La desencajada actuación de Katie Holmes como esa abogada idealista, fiscal defensora del estado de derecho, persecutora de los criminales, es acorde con un sistema judicial desdibujado, que si bien no ha muerto necesita de artilugios parajudiciales para lograr una verdadera justicia, de otra forma no se explica que para poder juzgar al criminal Lau en The dark knight (2008) sea necesario que Batman vaya hasta Hong Kong a secuestrarlo en una escena trepidante, para posteriormente entregarlo a las autoridades. Sólo así, con base en una prueba ilícita, puede lograrse una sentencia a cabalidad.

Los problemas de la gran ciudad vuelven y serán tratados por Nolan, ya Burton los había delineado perfectamente en sus cintas: prostitución, deficiencia en los servicios públicos, ladronzuelos de poca monta y grandes mafias lo mismo empresariales que criminales, yonkis de cadavérico aspecto. Esta parte es fundamental en Batman, pues todos ellos en su conjunto, son la causa de la muerte de los padres de Bruce, que no pudieron obtener un taxi y en medio de un callejón deficientemente iluminado fueron asesinados por un criminal producto de un mal sistema de justicia social.
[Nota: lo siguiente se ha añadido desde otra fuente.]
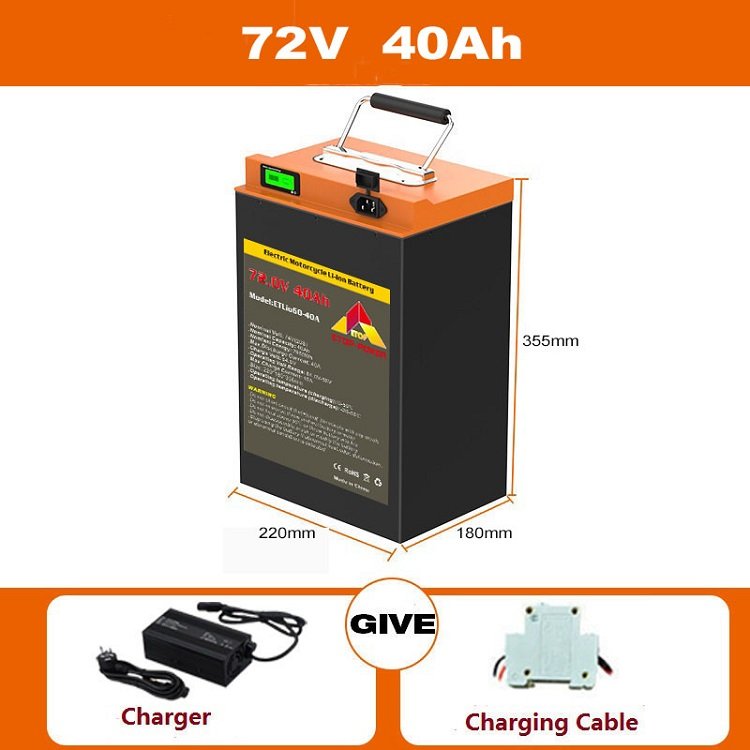 lithium ion battery 72V 40Ah 50Ah 60V For Electric motorcycle Moped battery electric bicycle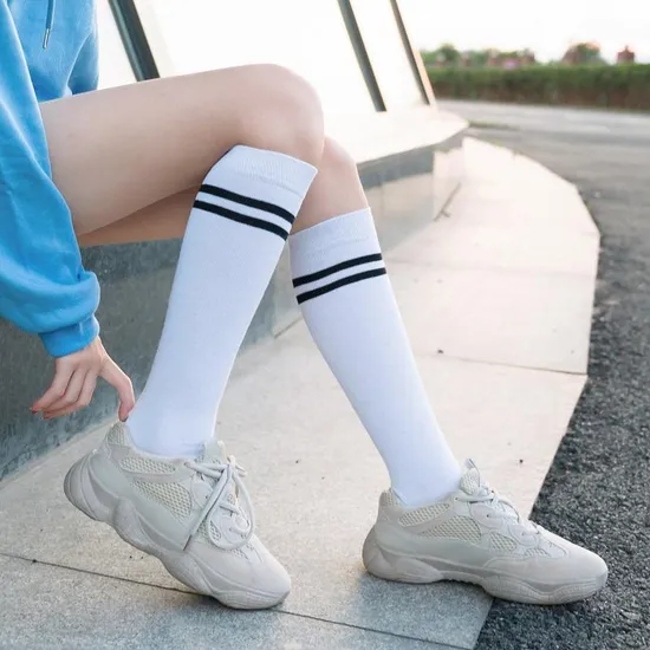 Striped Long Socks Women High Stockings Ladies Girls New Customized Knee Socks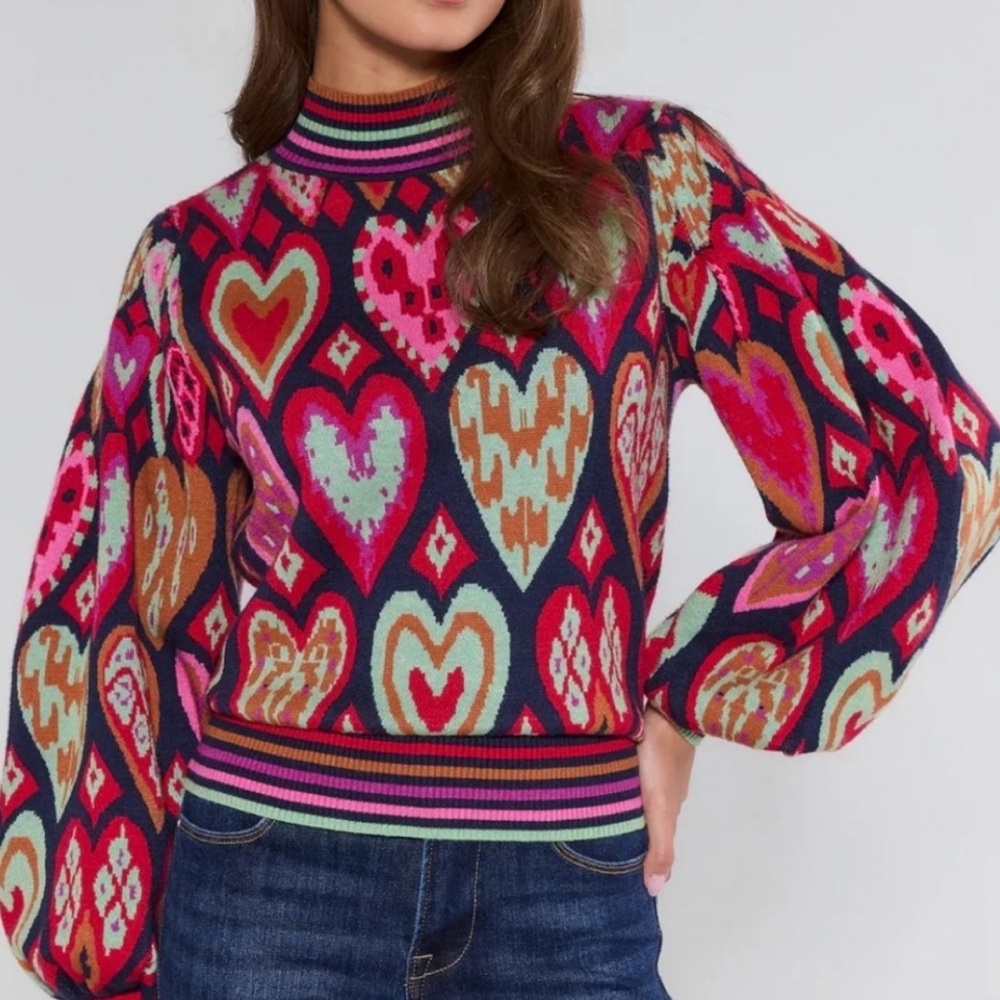 Avara Maddie Heart Sweater Medium NWT New pink blue red
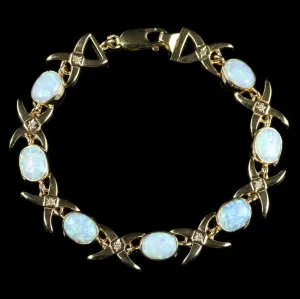 Opal Diamond Celtic Bracelet 9Ct Gold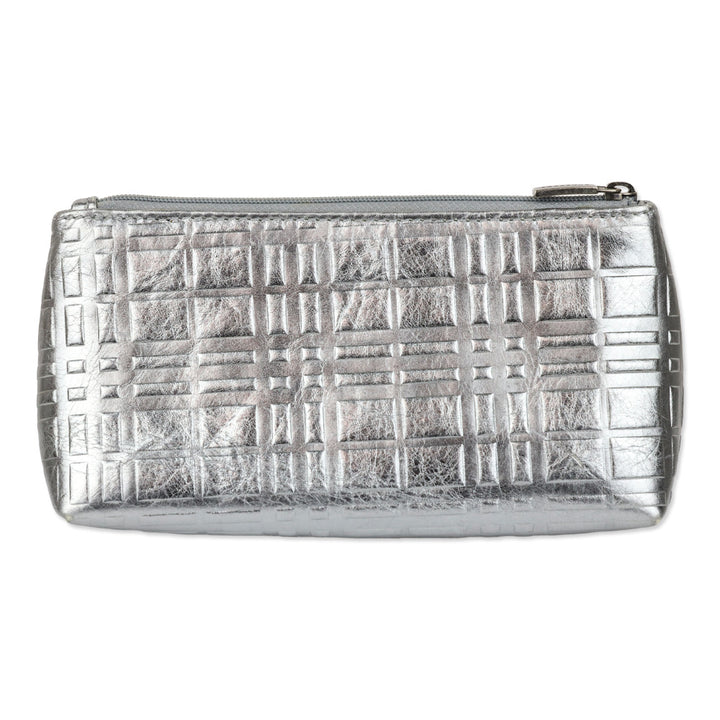 Burberry Metallic Silver Plaid Embossed Leather Cosmetic Pouch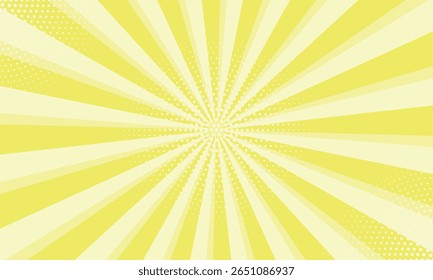 Patrón Sunburst con puntos. Fondo amarillo verdoso de la explosión del sol. Fondo radial del rayo de sol. Explosión de estrellas de radio japonés patrón de dibujos animados de fondo abstracto.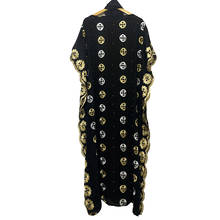Модное Длинное Платье абайя в африканском стиле Дашики с бриллиантовыми бусинами, черное платье с шарфом, свободное мусульманское платье для Африканской женщины 2024 - купить недорого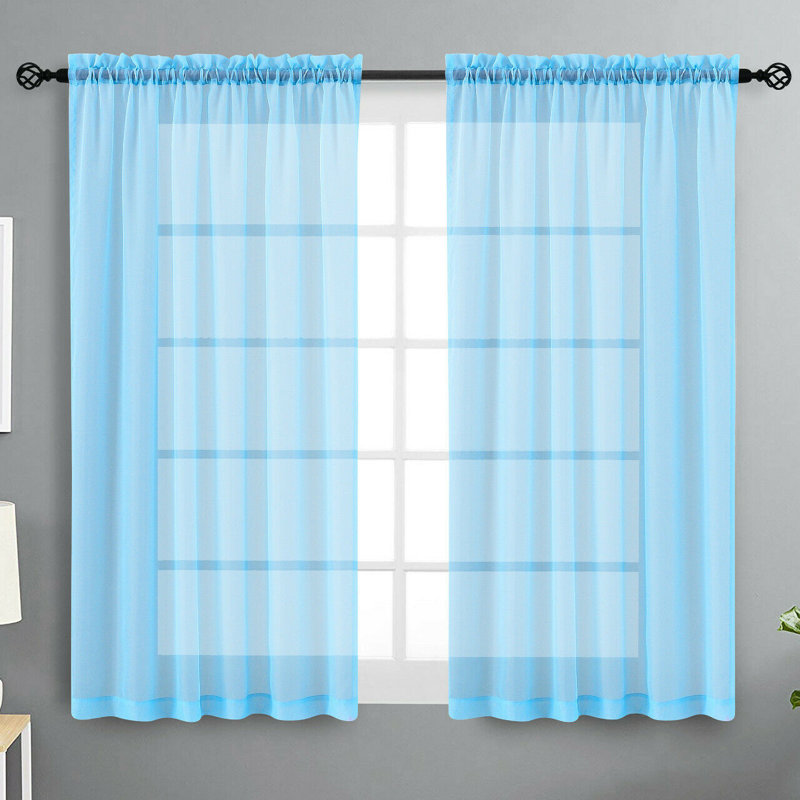 Rideaux transparents avec passe-tringle Dima, Bleu pastel, l 52 po x L 45 po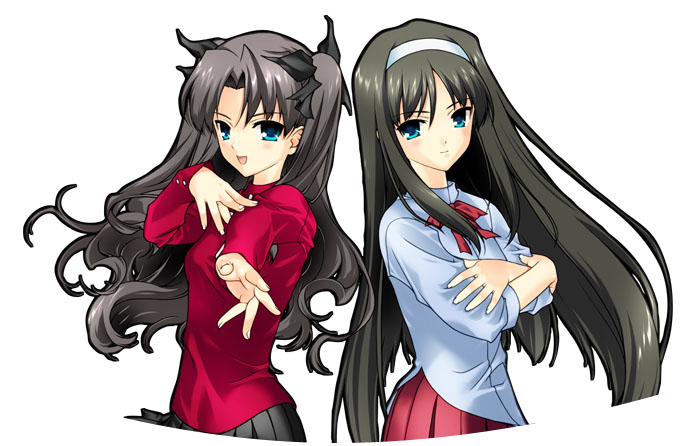 tohsaka rin and tohno akiha (fate and 3 more) drawn by naruse_hirofumi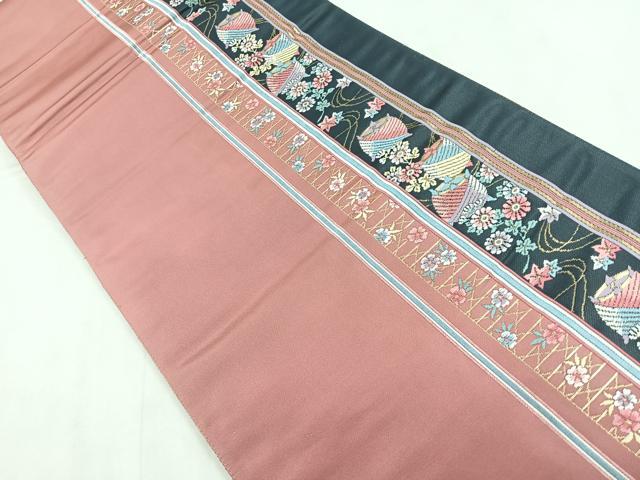 平和屋着物◎六通柄袋帯　唐織　糸巻き花文　金糸　正絹　逸品　CABD4838nb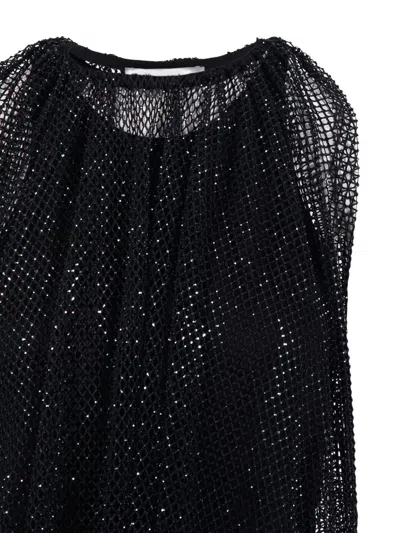 Sportmax Embellished Mesh And Jersey Top In Black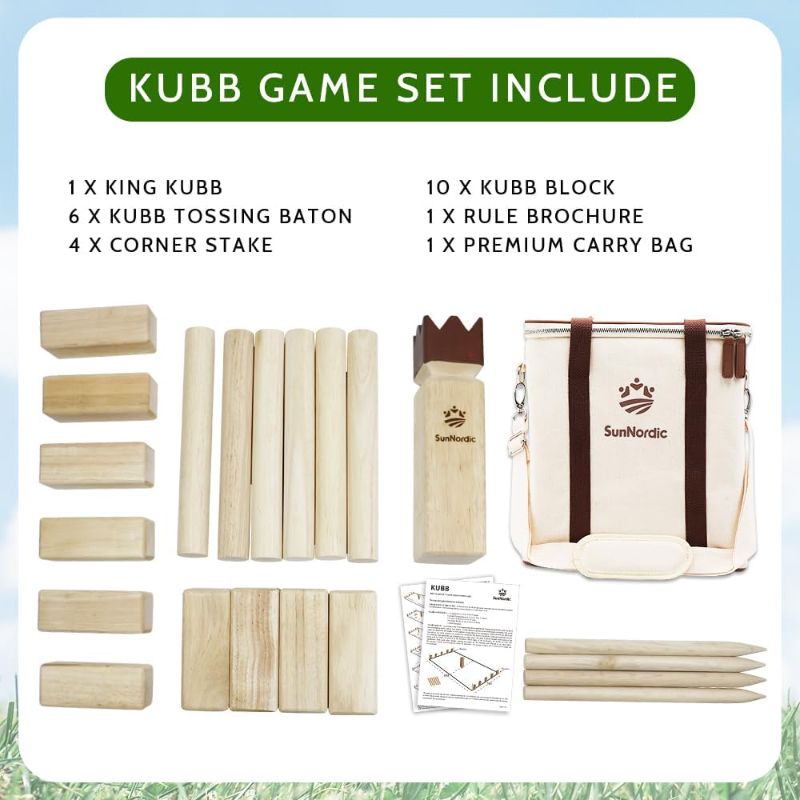 Photo 1 of Kubb Yard Game Set, Garden Rubber Wood Outdoor Tossing Game with Canvas Carry Bag, Giant Viking Outdoor Chess Game for Kids, Adults & Backyard Lawn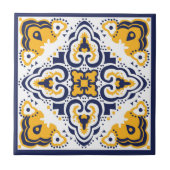 💛💙🤍美しい青と黄色のアズレホス、石 タイル (正面)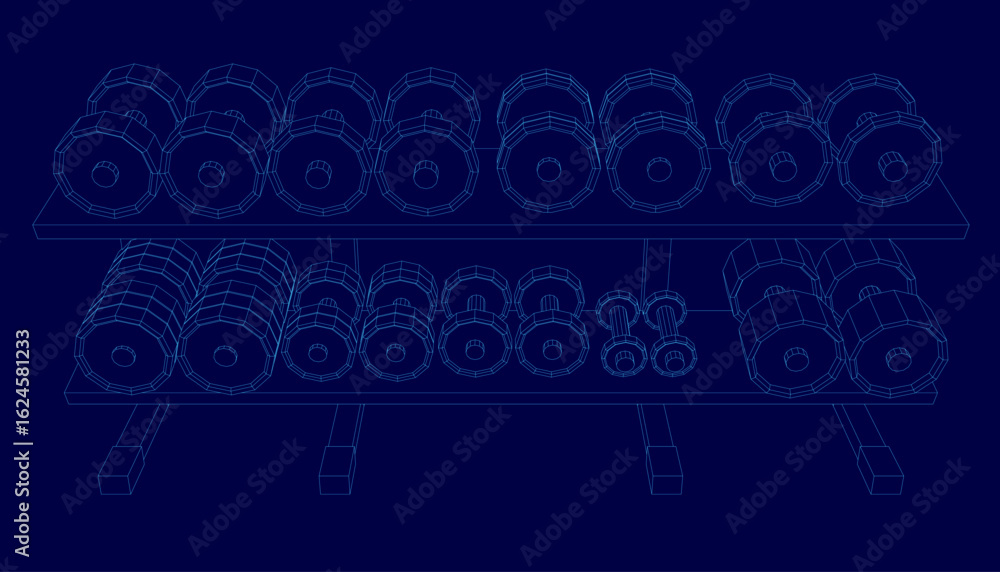 Poster a rack of dumbbells in wireframe blueprint style sits on a blue background. the metal set features n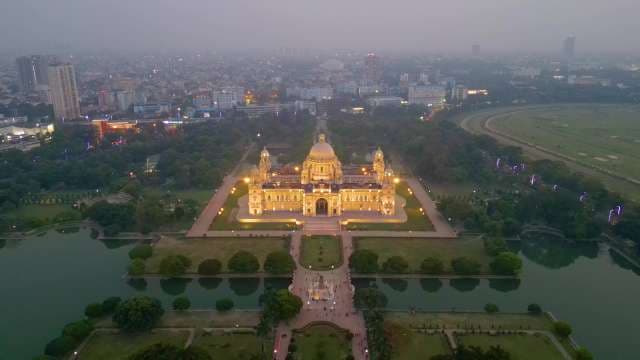 Majestic Illuminated Victoria Memorial Aerial View at Dusk in Kolkata
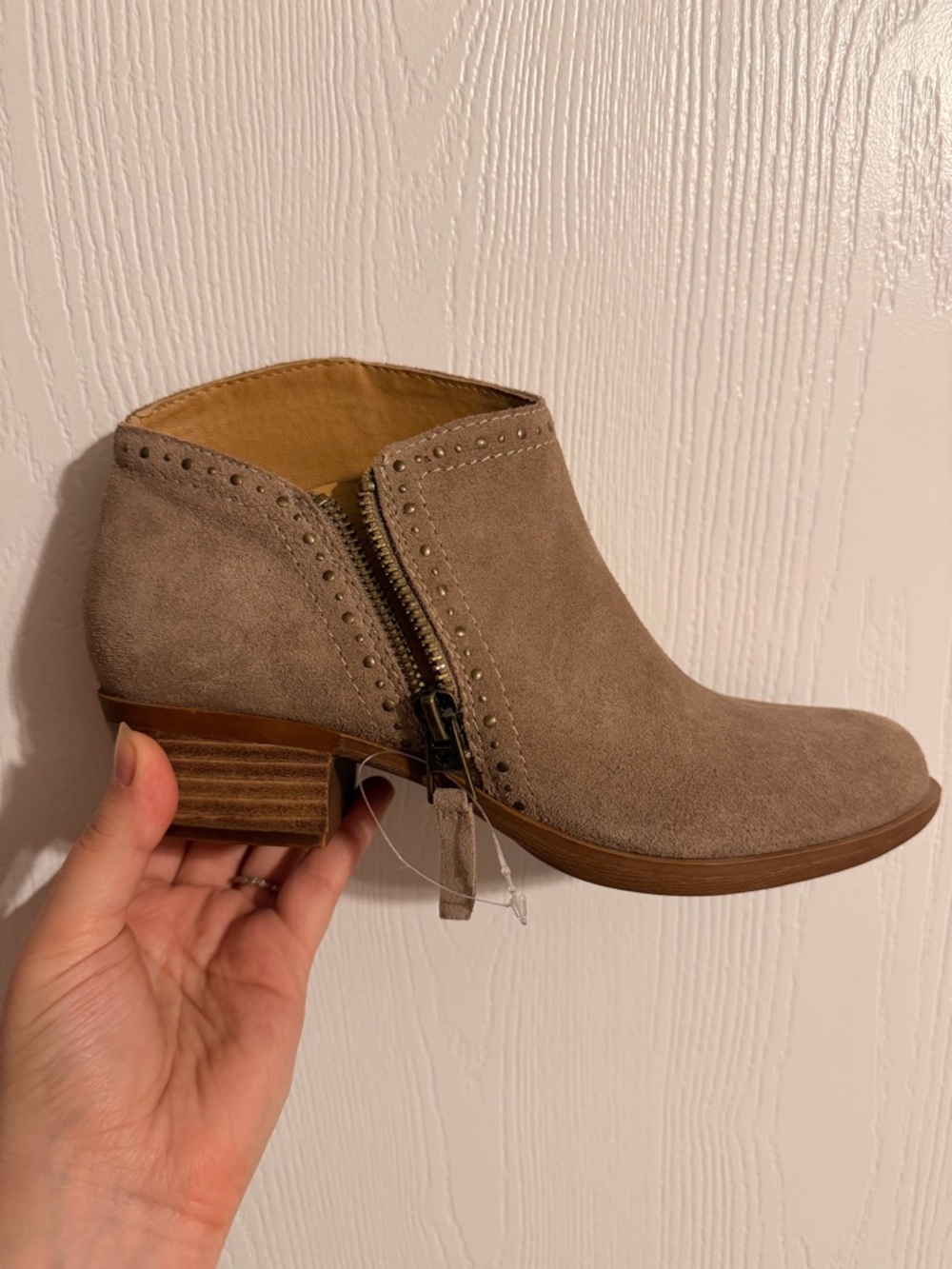 Lucky Brand Suede Taupe Ankle Bootie with Side Zip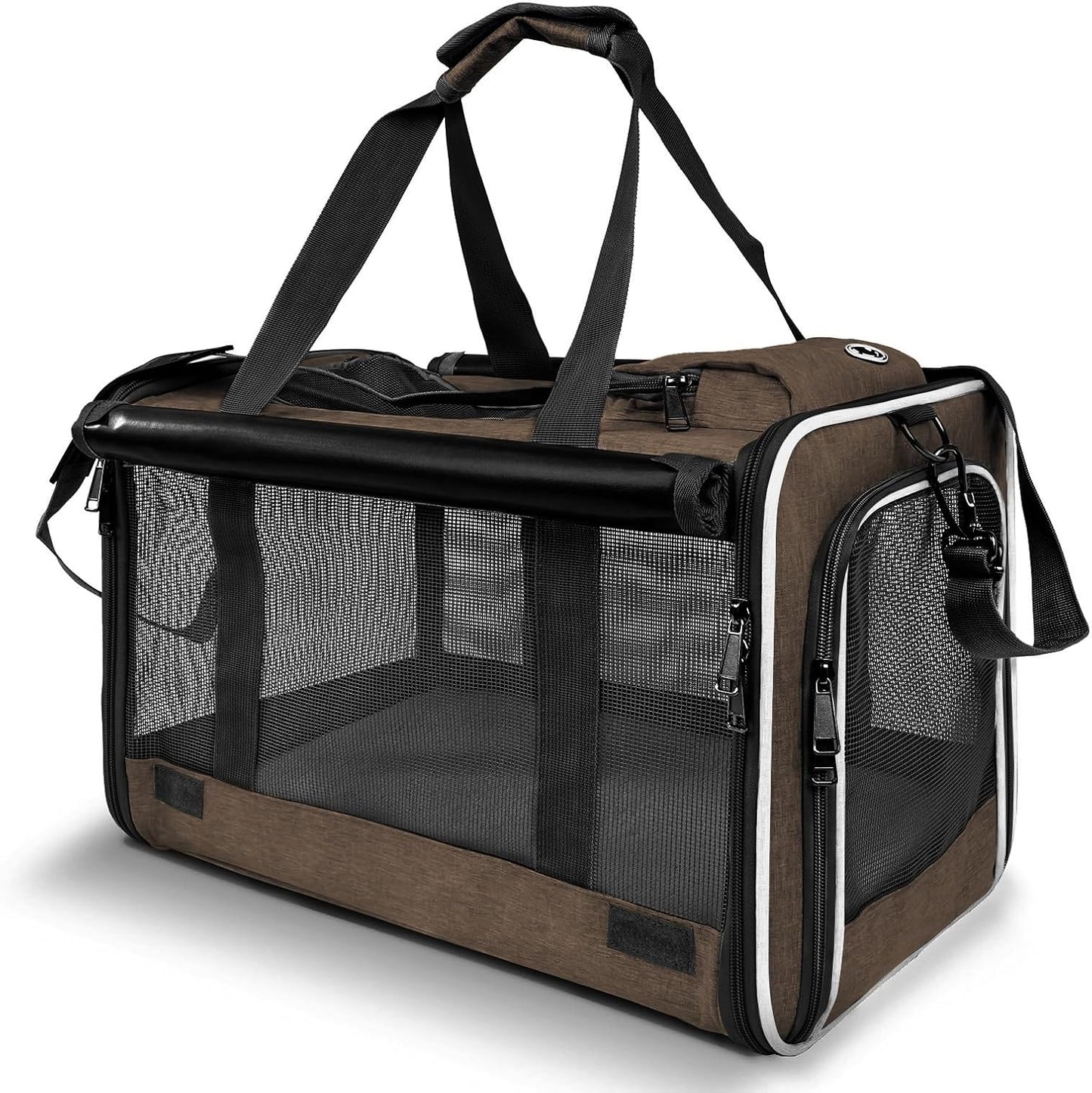 Pet Carrier for Large Cat Soft-Sided Animal Traveling Bag for Medium Cat up to 20lbs / Washable Small Dog Puppy 10 lbs Crate Case with Privacy Curtains for Home Outdoor Travel Mocha Brown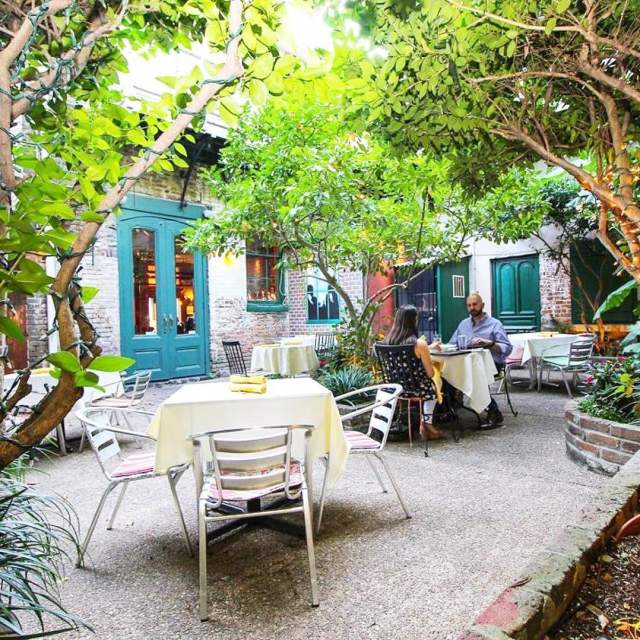 Outdoor dining on a patio with trees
Me gusta el tratamiento del miedo como producto de control social, una cualidad del superhéroe que Nolan retoma directamente de Miller, y que en el fondo rescata esos viejos mecanismos políticos sociales que cambiaron el “pan y circo” por el “plomo o plata”, como dice Carlos Bonfil en su crítica a la cinta “‘No hay nada que temer, excepto el miedo’, esa vieja proclama política de Roosevelt se convierte en credo del más oscuro personaje de la cultura popular estadunidense”.

En sus siguientes entregas retomará este conflicto entre la ley y la justicia por propia mano, y de nueva cuenta hará énfasis en ese final feliz hollywoodense que incluso permite que el héroe caiga y ascienda, que vaya de la sima a la cima y que se transforme, de la mano de una batiseñal en poder de las autoridades, en una herramienta más del sistema de justicia, a pesar de que muchas de las pruebas en contra de los criminales sean ilícitas e incluso aunque en la lucha diaria, muchos los enemigos caigan asesinados sin que medie un procedimiento judicial, en pocas palabras Batman es un firme promotor del derecho penal del enemigo.